Making It Happen- Paige Fraser

In my introductory post, I mentioned highlighting friends of mine. Friends that are making a difference, friends who are thriving on their passions, friends who are inspiring and fulfilling a greater picture. Here is my first story- my college classmate and fellow Chicago-based dancer, Paige Fraser.

A former founding dancer of Visceral Dance Chicago, she is hot off her Lyric Opera debut as “Minnie” in West Side Story, dancing for the jets (I’ll allow it this time…).

*Note: this interview was conducted more than a year ago. Although I find all of it to still be relevant, quotes have been paraphrased.

Let’s start with the fun stuff:

Photo by Faye Marie

Photo by Faye Marie

Ali: What would you say are your top 3 go-to fashion items?

Paige: Earrings are at the top of my list. I wear a lot of hoops and afro-centric earrings as representations of my culture.

Onesies- to work and at dance. I have a black one from Target.

Tote bags- “look good with any outfit” and are convenient!

Bonus: crop tops- “I find they’re really flattering with high-waisted leggings” plus a hoodie or sweatshirt (Nike, Champion, Adidas)

Ali: What influences your style in and out of the studio?

Paige: Colors really influence me. They are staples in my wardrobe. I love bright pops of color.

Hairstyles- I wear my hair in updos, puffs, braids, cornrows. Hairstyles are really important to me so that I don’t end up having the same look as everyone else. They’re also part of my self-care routine. My hairstyle can really change up my mood.

Technique/Rep- I like to change my outfits based on what class I’m taking or what kind of rep I’m working on. I wear looser pants to help me feel less held and more in my body. I have 2 pairs of tribal print pants that I love!

Ali: How does branding yourself fit into all of this and your fashion choices?

Paige: Branding is definitely important for artists these days but you don’t need to post every day. You don’t need 10k followers to share your message. Nike Chicago connected with me through instagram. I didn’t have a ton of followers but I had a genuine personality and story. I was starting to build my platform as a dancer with Scoliosis.

I think PR isn’t always necessary either. “Sometimes it’s better for you to just represent yourself!”

Photos: Left: Eric Politzer, Right: Fabio Filippi

Ali: What attracts you to the dance world?

Paige: Dance saved my life. I truly believe that God selects professional dancers. Dance has helped me to become more aware of my body. As much as it breaks us down, it also provides healing. There is so much diversity in dance- the people, the places we travel, and the individuality we get to share. Dance has given me an appreciation of what I have to offer.

Ali: So, if you weren’t a dancer, what would you be doing?

Paige: Probably teaching kids how to dance. I’d also be interested in becoming an advisor and mentor to others. Or something in fashion and styling.

Ali: Well I definitely see you doing all 3 of those things! You’ve already begun. Tell me about your foundation.
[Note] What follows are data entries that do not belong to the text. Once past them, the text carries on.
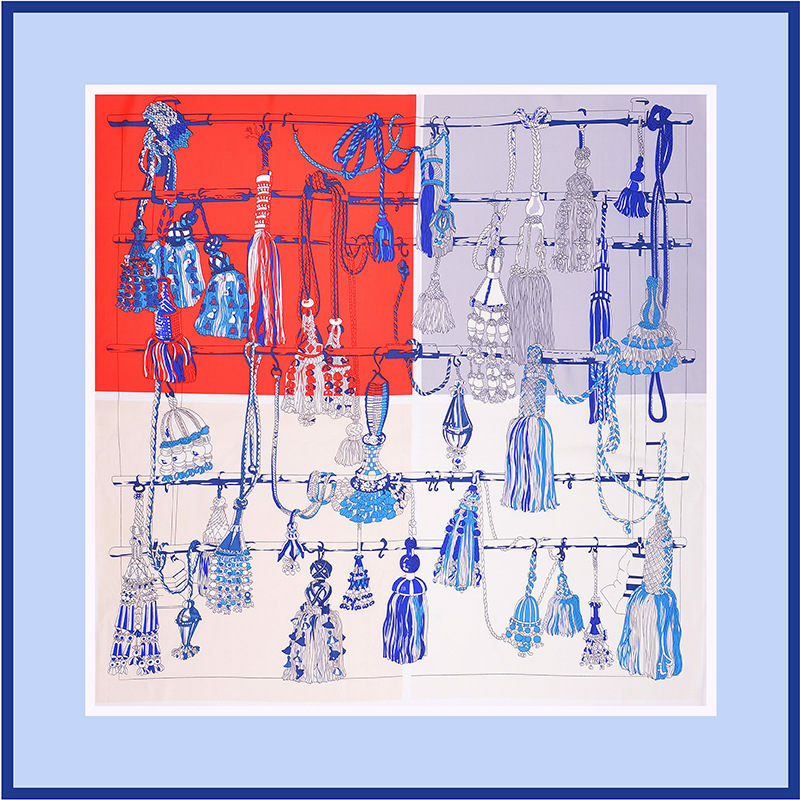 Hot nowy jedwabny szal dla kobiet Boutique wiszące wzór projekt 130x130 duży plac 100% Silk moda chustka wrap Lady prezent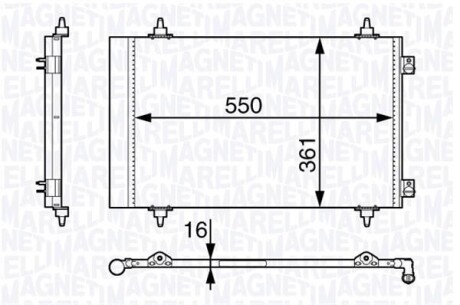 Радиатор кондиционера (Конденсатор) MAGNETI MARELLI 350203710000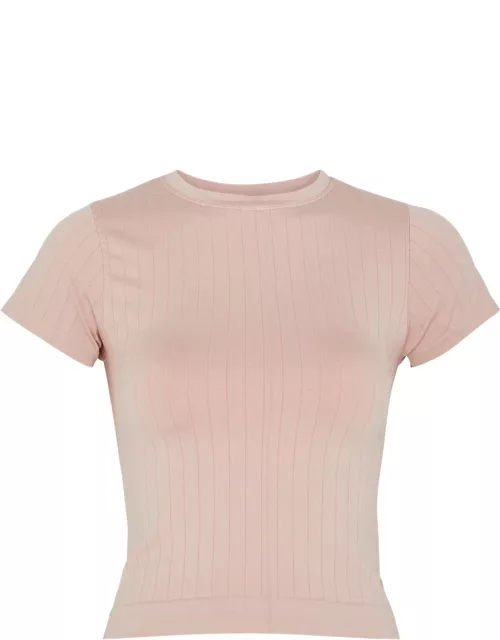 PRISM2 Sapient Ribbed Stretch-jersey T-shirt - Light Pink - One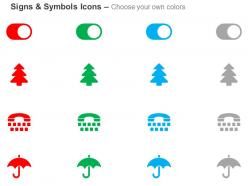 Toggle on tree umbrella calling phone ppt icons graphics
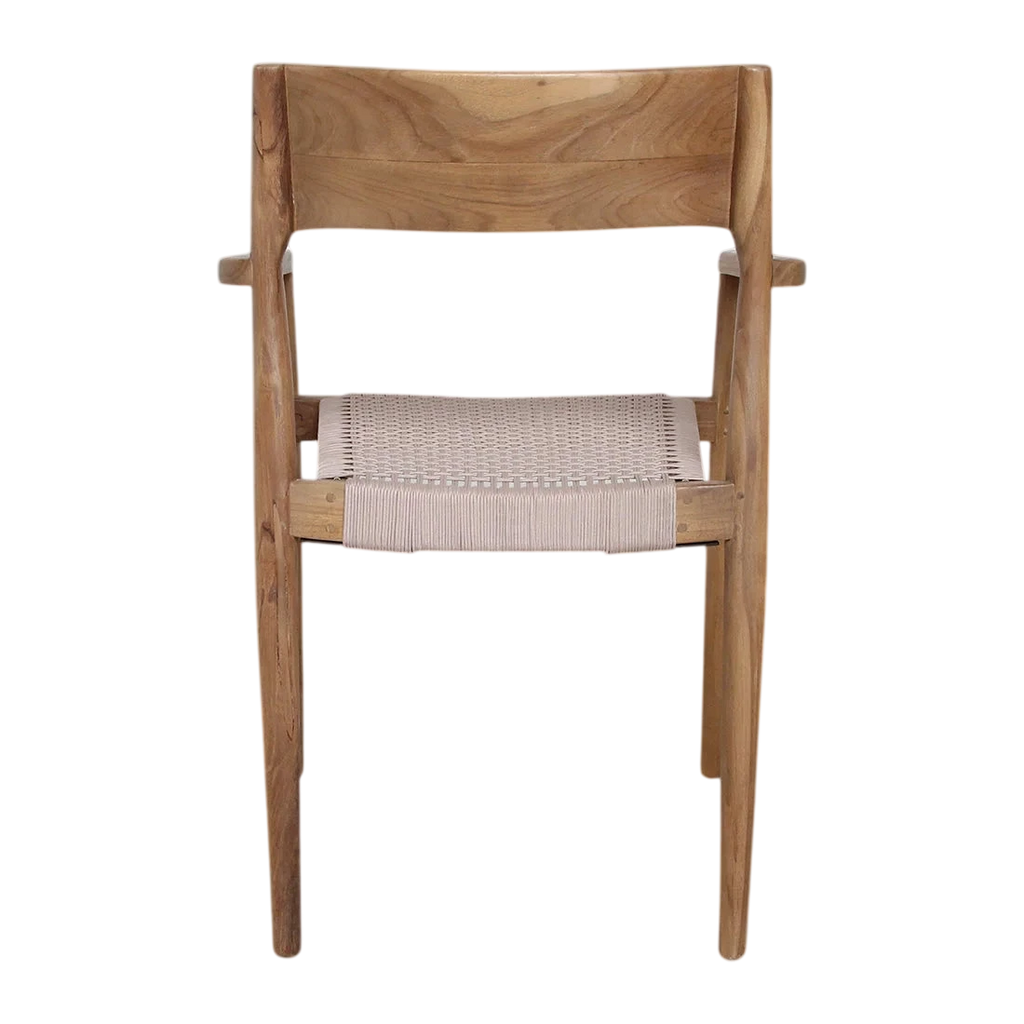 Chaise en teck naturel avec accoudoirs et assise corde beige, lot de 2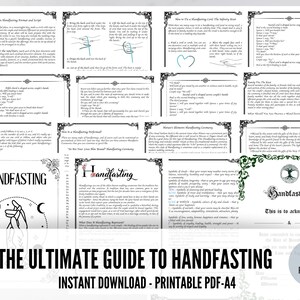 The ultimate guide to handfasting -HANDFASTING CERTIFICATE - Printable - Instant Download- Baby witch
What led you to start it?

Paige: The Paige Fraser Foundation stemmed from a lack of resources for the people of my Bronx neighborhood. There was a lot of self-doubt and I started thinking about how to give back to my community. I wanted to represent dancers with disabilities and was also looking for an opportunity to marry the 2 platforms of dance and Scoliosis awareness.

Note: The first program, “Dance is Healing”, was held this past December 2018!

Ali: Is there something you wish you knew prior to entering the professional field/college? How can we feed that to the new generation?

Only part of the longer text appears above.